Decision Date21 March 1966
Docket NumberCiv. A. No. 1095.
PartiesUNITED STATES of America, by Nicholas deB. KATZENBACH, Attorney General of the United States, Plaintiff, v. JUNCTION CITY SCHOOL DISTRICT NO. 75, R. L. Bolen, Superintendent of Education of the Junction City School District No. 75, Leon Ray, President, M. E. Ford, Roy Fish, P. B. Griffin and Fred Jones, members, Board of Directors of Junction City School District No. 75, Defendants.
CourtU.S. District Court — Western District of Arkansas

Bill J. Davis, El Dorado, Ark., for petitioner.

Charles M. Conway, U. S. Atty., Luzerne E. Hufford, Jr., Atty., Dept. of Justice, for respondent.

OREN HARRIS, District Judge.

This is a motion to dismiss a suit brought by the Honorable Nicholas deB. Katzenbach, Attorney General of the United States, on behalf of the United States of America. It was filed in this court on February 7, 1966.

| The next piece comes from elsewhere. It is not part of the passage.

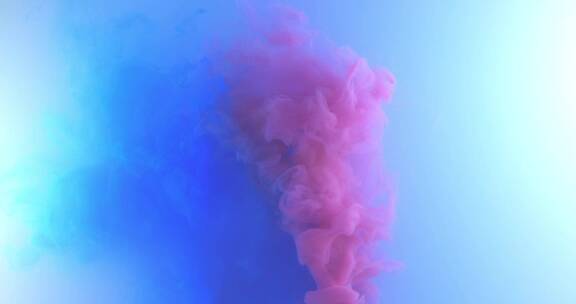 蓝粉烟雾 背景 科幻 高级 粒子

The suit was brought to compel the desegregation of the Junction City, Arkansas, public schools and to require the school district to provide equal educational opportunities to all students in all public schools without regard to the students' race or color.

The defendants contend the complaint should be dismissed on the basis that the court is without jurisdiction because the Attorney General of the United States has not met the prerequisites of Section 407 of the Civil Rights Act of 1964. They specifically allege that the Attorney General of the United States has not received a complaint in writing signed by a parent or group of parents contending that minor children are being deprived of the equal protection of the laws by the Junction City School District No. 75.

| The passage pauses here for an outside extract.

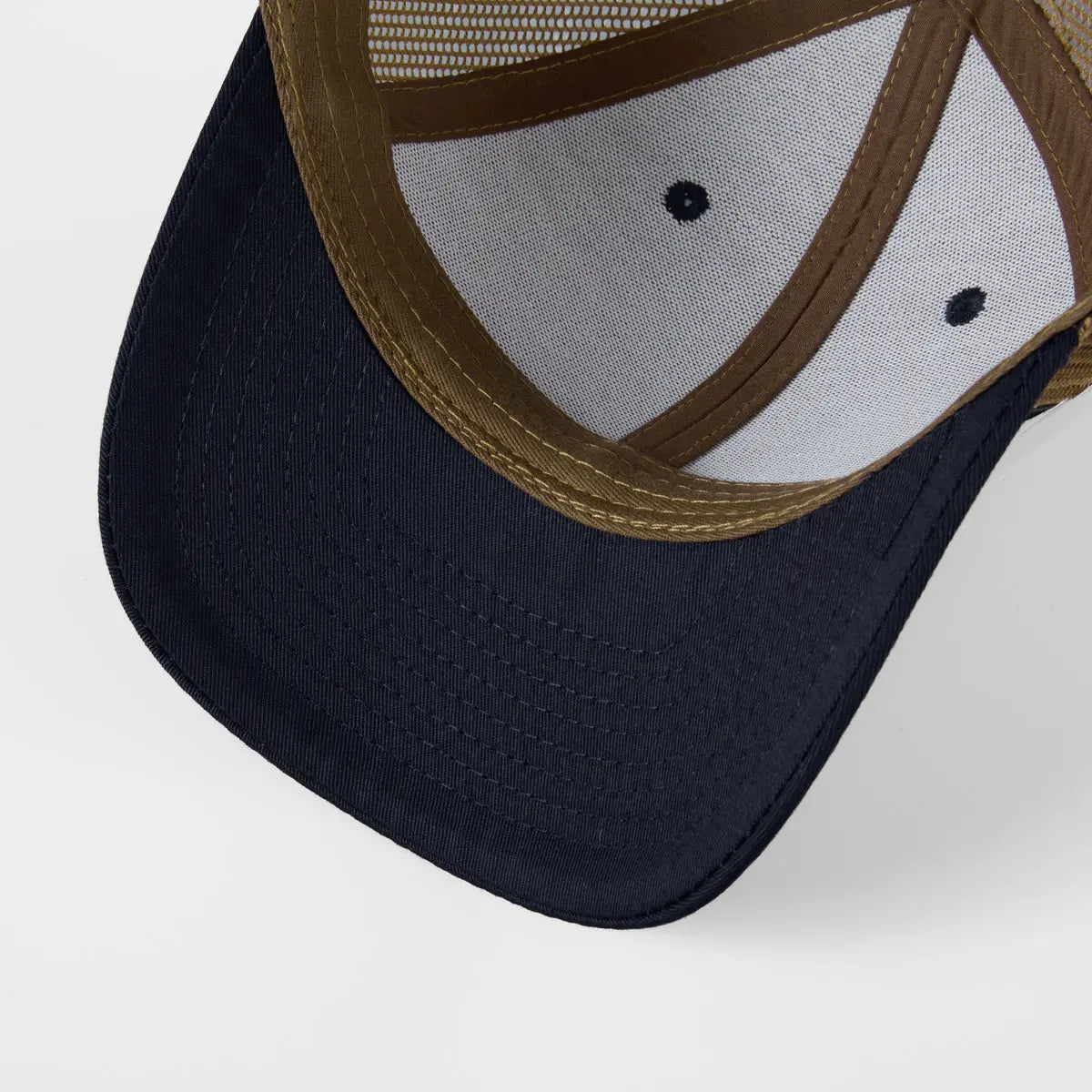Blank & Custom 6 Panel Mid Profile Structured Trucker Hat Wholesale - 7018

The original action was brought by the Attorney General on behalf of the United States under Section 407(a) and (b) of the Civil Rights Act of 1964,1 and under 28 U.S.C. § 1345.2

The Attorney General of the United States has certified, as provided by the Act, that he has received a complaint in writing, signed by the parent of minor children in Junction City, Arkansas, to the effect that said children are being deprived by the school district of the equal protection of the laws.3

The issue raised by the motion is that the court lacks jurisdiction because of the insufficiency of the statutory certificate of the Attorney General.

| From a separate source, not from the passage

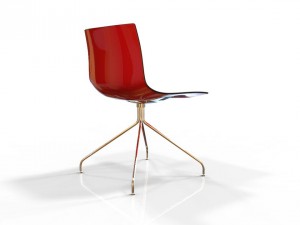 red smoking chair 3D Model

First, I shall dispose of the issue of the sufficiency of the certificate of the Attorney General. In analyzing the certificate, the Attorney General certifies:

(1) That he has received such complaint in writing;

(2) That he believes the complaint to be meritorious;

(3) That the signer of the complaint is unable, in his judgment, to initiate and maintain appropriate legal proceedings for relief because he is unable to bear the expense of the litigation;

(4) That he is satisfied the institution of the litigation by the signer of the complaint would jeopardize the personal safety, employment or economic standing of himself, his family or his property;

(5) That the school district was notified of the complaint;

(6) That he is satisfied that the district has had reasonable time to adjust the conditions alleged in the complaint;

(7) And that, in his judgment, the institution of the suit will materially further the orderly achievement of desegregation in public education.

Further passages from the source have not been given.